Former detective constables Sharon Patterson, 49, and Lee Pollard, 47, forged documents, concealed evidence and lied about investigations out of laziness and "cynical disdain" for vulnerable victims, the Old Bailey heard.
Jurors were told Patterson ditched work to get a manicure and have a four-hour long lunch at a Chinese restaurant with her married lover Pollard.
When she forged a document to shut down one investigation, Pollard described her as his ‘deceptive partner in crime’ in flirtatious emails, jurors heard.
The couple, of Colchester, Essex, denied wrongdoing between 2011 and 2014, citing administrative chaos at the child abuse unit in north Essex where they both worked.
In March, Pollard was found guilty of two charges of misconduct in public office and Patterson was convicted of one similar offence.
Judge Nigel Lickley QC jailed Patterson for 18 months and Pollard for two years.
He told them they had shown ‘contempt’ for victims when they chose to shut down investigations rather than put in the work, believing they would never be found out.
He told them: ‘People relied on you to do your job to the standard expected. You abused that position for your own selfish purposes.’
If pressure of work was a factor, they should have sought help rather than act as prosecutors, he said.
Patterson broke down in tears as they were sent down from the dock.
Earlier, prosecutor Alexandra Healy QC said the officers' ‘deliberate and dishonest conduct’ had caused harm to the public of the ‘utmost seriousness'.
She highlighted one complainant, who took years to pluck up the courage to come forward, and had felt it was ‘really important it was dealt with properly’.
Mitigating, Jacqueline Carey told the court Patterson had ‘soldiered on’ in a child abuse unit ‘in crisis’ and ‘crippled by the loss of staff’.
The mother-of-three was now virtually penniless, with career prospects that were ‘limited to say the least’, Ms Carey said.
Craig Rush, for Pollard, said he had not set out to act as ‘judge and jury’ in his misguided attempts to ‘separate the wheat from the chaff’.
Mr Rush said: ‘It was not a failing police department, it was a failed police department.
'In a world where public expenditure is pared to the bone there are consequences, and one of those consequences was that this police department had by 2013 failed.’
The convictions brought to a close a four-year corruption probe into the Essex Police unit which was undertaken by the nearby Norfolk force and the police watchdog.
Some 30 officers, some now retired, were investigated, and 296 Essex child abuse cases looked at, of which 55 were referred to the Independent Office for Police Conduct (IOPC).
Patterson and Pollard were the only ones to face criminal charges, but a third officer was sacked for gross misconduct last year.

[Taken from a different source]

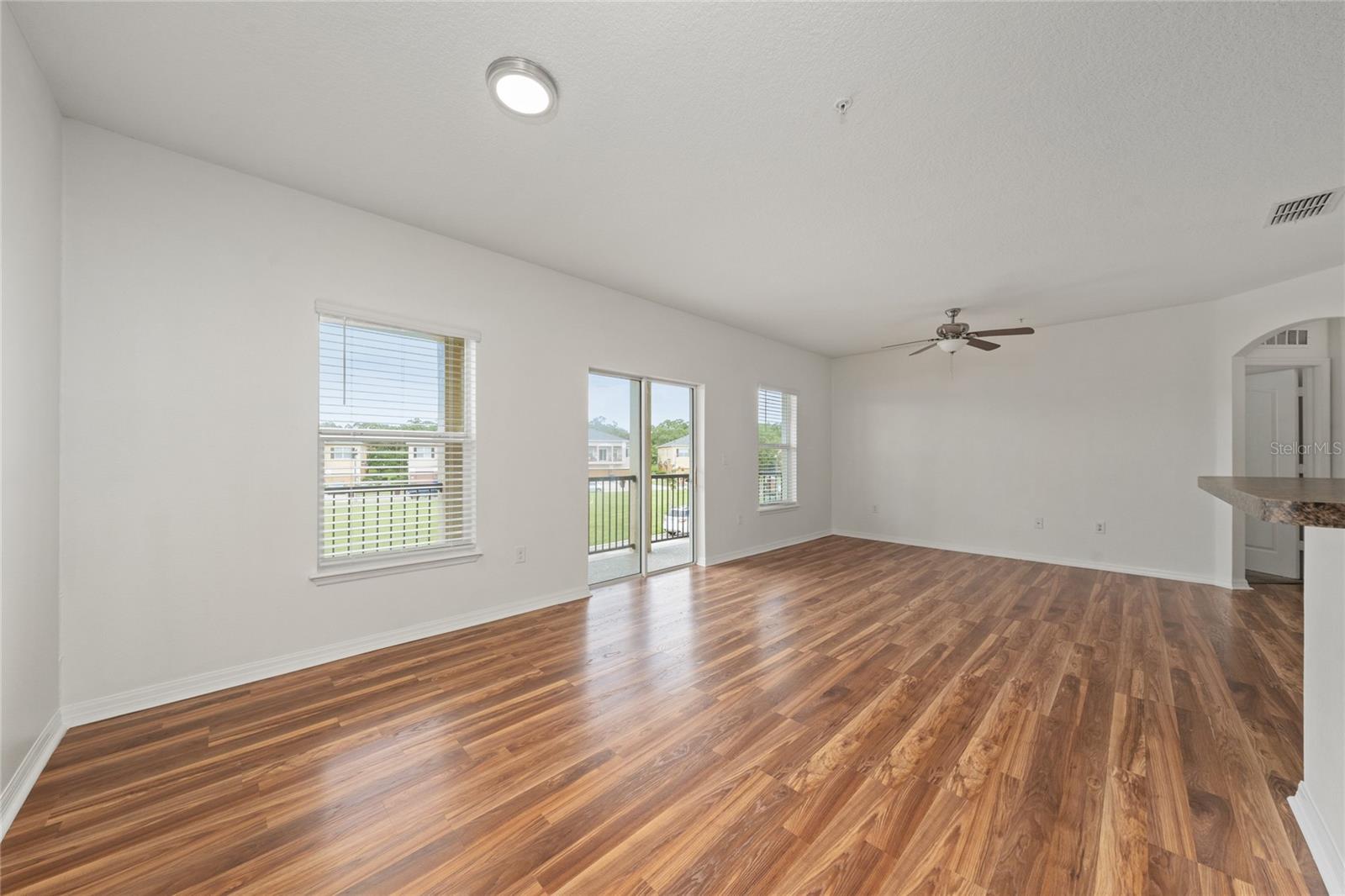 2148 BETSY ROSS LN #2148, ST CLOUD, FL — photo 3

The misconduct came to light in 2014 after a victim complained her signature had been forged - and misspelled - on a statement taken by Patterson.
While the defendant was on long-term sick leave, the case was reassigned and resulted in a conviction.
Pollard had destroyed four indecent photographs of a complainant in another case while it was still being investigated, the court heard.
He also failed to investigate an allegation of sexual touching by a teenager - then lied by claiming no further action was to be taken, on CPS advice.
In September 2015, Pollard was dismissed for gross misconduct.
He accessed, copied and then disclosed another officer's computerised application for a job promotion without the individual's permission, and then disclosed it to another officer who was considering applying for the same post.
Following her conviction at the Old Bailey, Patterson was also sacked and both now risk losing their police pensions.
In October last year, Detective Constable Peter Wood, who worked at the same unit, was dismissed for gross misconduct for lying during a child abuse case.